Did the initial assertion contain the "potentially" qualifier? Not checked, but I thought the snag was that it didn't.
Well, snags do make this world go around.
Before answering, let me ask, is it the contention of numbers of measurists that cables are categorically inudible?
Then in the interest of their
science, which appears to get it wrong when it,
expects evidence before identifying phenomena;
expects data where it claims there can be no phenomena;
thus effectively prohibits phenomena;
fails to establish physical thresholds for its claims of audibility but issues categorical rulings anyway;
denies phenomena outright, even if tacitly;
rejects quite reasonable reports of audibility;
per those reports, asserts the overly-complicated charge of, in effect, mental disorder or delusion;
does not establish either evidence or threshold there too, illustrating a principle of verification variability;
thus makes categorical demands of reality;
et al
-the counter-argument doesn't need a qualifier, it just has to be seen in context. I hear change in many, many things, including represented by after-the-fact corroboration and against my own biases, and thus, the opinion is as acceptable as the original measurist claim(s). As I've also said, I don't hear things where they certainly might or probably exist and there's a universe of stuff I'll never hear. Same result regarding the argument.
Similarly, some may want a hifi that *alters* the source material to be more pleasing than a plain approach. And then fiddle to change this from item to item.
[etc, etc]
A separate issue but true, however it raises the notion of correct sound. We know there is no such thing. All systems present flawed sound and therefore all alterations to them will err on the tuning side of their final output, whether measured or heard. You include a noteworthy point here because it can and has become another part of the measurist fallacy when it goes on to, according to the list above, apply only against things
deemed up to snuff or not. Transistors, tubes, digital, analog etc. It's the final effect that matters and that effect is not perfect live sound nor can it be.
Listening to kit *or* measuring it in other situations then becomes problematic as you need more non-kit info to decide what might be judged 'perfect' by the user. This is one reason I regard most 'subjective' reviews as a waste of space. But having my own experience I find some measured info - e.g. noise level or FR - can be useful as a way to help me decide oif an item might suit me.
Somehow "perfect" cropped up following the first comment, but perfection is not part of so-called subjectivist sound, which is, sound not predicated on variable interpretations of strict data. This view is a given.

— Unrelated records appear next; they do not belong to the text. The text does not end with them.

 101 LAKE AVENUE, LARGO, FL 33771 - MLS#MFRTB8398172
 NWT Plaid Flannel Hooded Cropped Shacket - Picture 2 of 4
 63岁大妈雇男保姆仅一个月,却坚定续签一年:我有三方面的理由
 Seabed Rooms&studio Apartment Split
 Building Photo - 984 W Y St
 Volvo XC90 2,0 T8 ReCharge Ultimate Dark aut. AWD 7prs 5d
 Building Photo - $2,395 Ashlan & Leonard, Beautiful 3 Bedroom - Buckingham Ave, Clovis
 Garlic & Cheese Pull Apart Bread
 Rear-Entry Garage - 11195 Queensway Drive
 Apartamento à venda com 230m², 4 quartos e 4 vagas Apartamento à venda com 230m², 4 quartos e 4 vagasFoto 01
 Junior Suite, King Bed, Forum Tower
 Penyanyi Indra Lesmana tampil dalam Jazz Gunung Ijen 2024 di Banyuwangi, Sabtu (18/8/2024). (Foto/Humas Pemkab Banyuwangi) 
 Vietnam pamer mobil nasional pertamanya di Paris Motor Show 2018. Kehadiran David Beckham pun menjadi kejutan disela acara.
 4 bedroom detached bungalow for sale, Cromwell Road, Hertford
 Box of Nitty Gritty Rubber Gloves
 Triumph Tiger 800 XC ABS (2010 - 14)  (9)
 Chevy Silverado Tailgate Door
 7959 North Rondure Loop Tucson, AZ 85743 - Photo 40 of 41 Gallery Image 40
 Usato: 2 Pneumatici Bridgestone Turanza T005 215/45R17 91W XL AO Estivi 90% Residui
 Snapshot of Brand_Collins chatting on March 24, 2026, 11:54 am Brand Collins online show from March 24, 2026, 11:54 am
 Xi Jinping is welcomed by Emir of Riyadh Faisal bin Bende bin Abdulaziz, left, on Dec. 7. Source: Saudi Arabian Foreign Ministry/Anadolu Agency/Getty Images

The original question is simply: Given sufficient musical resolution in a system, can we observe that a commensurate resolving power exists whereby we can hear all sorts of relative effects as things in it come and go. The answer is obviously yes, and the argument then, adhering to a reasonable reading of the definition of science, is just that we should allow such effects rather than making one or more traditional measurist mistakes denying them.